**Task brief**:
Your task is to write out all of the records once more, exactly.

---- Material for this exercise

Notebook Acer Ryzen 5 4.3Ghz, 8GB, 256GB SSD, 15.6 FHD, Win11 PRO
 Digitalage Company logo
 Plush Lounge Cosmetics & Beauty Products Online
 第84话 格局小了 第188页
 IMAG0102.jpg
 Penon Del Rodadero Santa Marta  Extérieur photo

--------

**Solution**:
Notebook Acer Ryzen 5 4.3Ghz, 8GB, 256GB SSD, 15.6 FHD, Win11 PRO
 Digitalage Company logo
 Plush Lounge Cosmetics & Beauty Products Online
 第84话 格局小了 第188页
 IMAG0102.jpg
 Penon Del Rodadero Santa Marta  Extérieur photo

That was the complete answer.